ライブ・プラッキングでガチョウが苦痛を味わう事実を認識し、私たちはパタゴニア製品用に発送されるバージン・ダウンのすべてが食肉用のガチョウから採取したものであること、さらに生きたガチョウから摘まれた素材が含まれないようにすることを要求しました。フォアグラ用に強制飼育されたガチョウからはオイリーな2級の質のダウンしか取れず、パタゴニアにはそれを提供していないということを聞かされ、強制飼育の問題の懸念は低いと判断しました。

 

2007

パタゴニアが使う素材の環境査定プログラムを実施した際、私たちはダウンを検証しました。世界中で(ガチョウに限らず)家禽産業において、食肉用に育てられる鳥のケージング、くちばしの削除、強制飼育などを含む非人道的な扱い、および環境面では大気と水の汚染などが報告されています。私たちはサプライヤーに多くの質問をし、彼らは詳細に返答してくれました。しかし彼らの返答を確認しようと、パタゴニアの戦略的環境素材開発担当がハンガリーのガチョウ農場を訪問しました。彼はガチョウの飼育環境、農場が使う化学薬品、食肉用のガチョウの処理方法などについて質問しました。ダウンのサプライヤーは強制飼育したガチョウからのダウンはパタゴニアに提供していないことを保証しましたが、それは後に真実ではないことが判明しました。
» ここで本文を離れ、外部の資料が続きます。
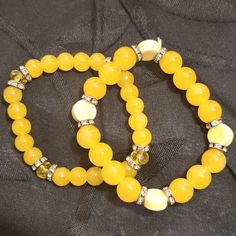 Elastic Stretches To Fit Most Any Wrist. Two Pretty Yellow Beaded Bracelets With Metal Bead Separators With Cz's. One Bracelet Has 4 Light Yellow Flat Round Bead Accents And The Other Has Four Faceted Yellow Sparkly Bead Accents. Great Summer Color! Stones Are Possibly Yellow Agate Or Yellow Jade Semi Precious Stones, Not Sure Which. One Bracelet The Stones Are Larger Than The Other. Handmade Handcrafted Hand Made Hand-Made Artisan #1 Yellow Bead Bracelet Ideas, Handmade Trendy Yellow Bracelets, Trendy Handmade Yellow Bracelets, Elegant Yellow Adjustable Beaded Bracelets, Elegant Yellow Stretch Bracelet With Round Beads, Yellow Casual Bracelet Jewelry, Elegant Yellow Beaded Stretch Bracelet, Casual Yellow Bracelet Jewelry, Elegant Yellow Stretch Bracelet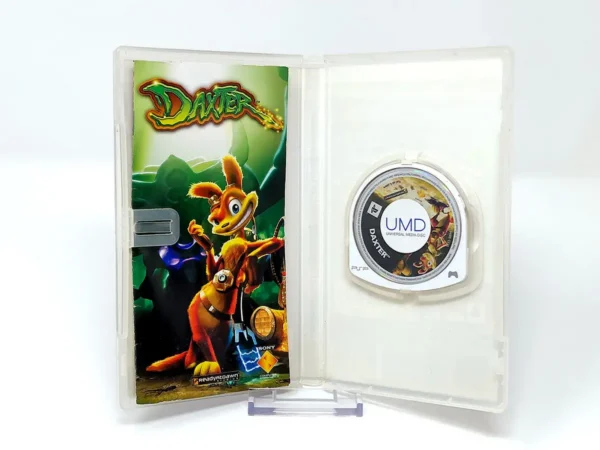 Interior del juego Daxter (ESP) (Platinum) para PSP con disco y manual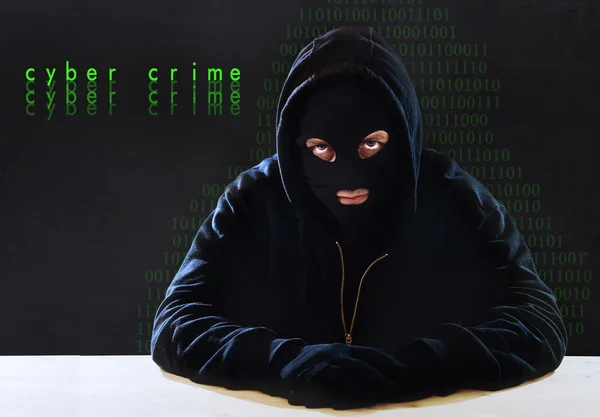 Hacking expert man in hood as sensitive information cracker cyber crime concept — Stock Photo, Image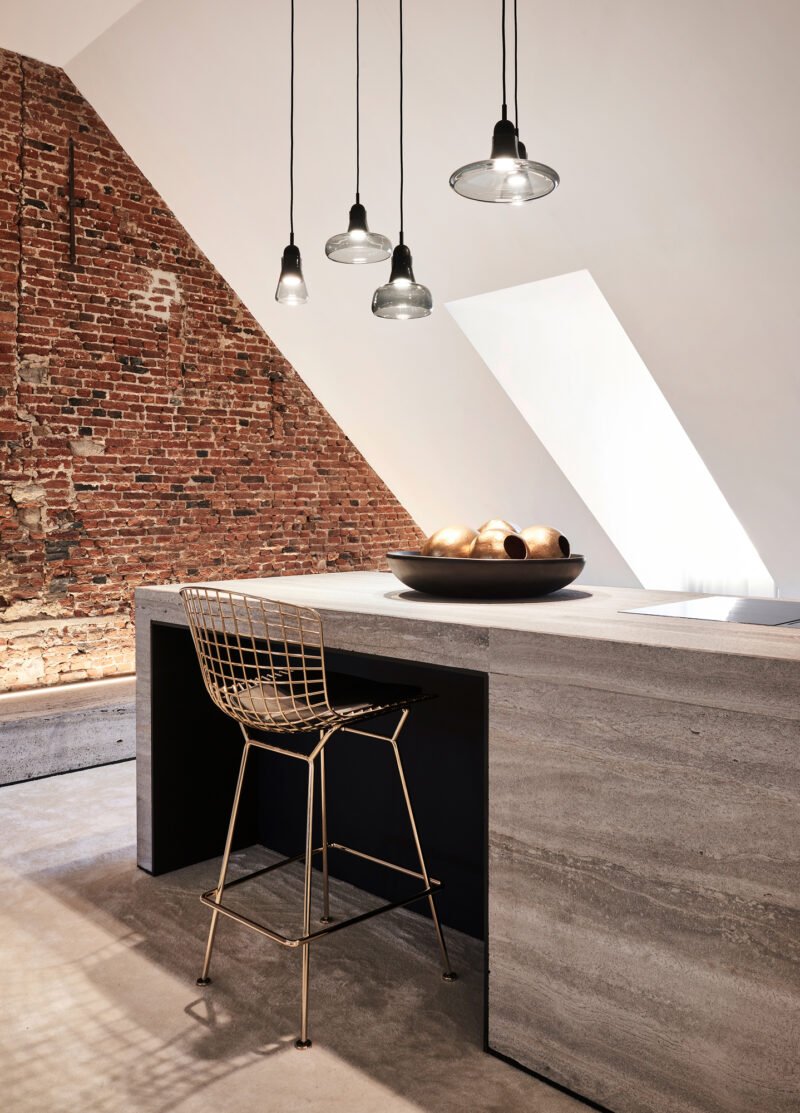 interior design multiple hanging lamps old brick details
私たちはダウンの一部は食肉用に処理されたガチョウから、また一部は換羽期に生きたものから採取されていることを知りました。農業専門の教授に相談したところ、換羽期に生きた鳥から羽を取るのは苦痛ではないとのことでした。この情報をもとに、フットプリント・クロニクルのウェブサイトでパタゴニアのダウン・セーターの影響についての説明を試みました。

 

2002

この情報をもとに、フットプリント・クロニクルのウェブサイトでパタゴニアのダウン・セーターの影響についての説明を試みました。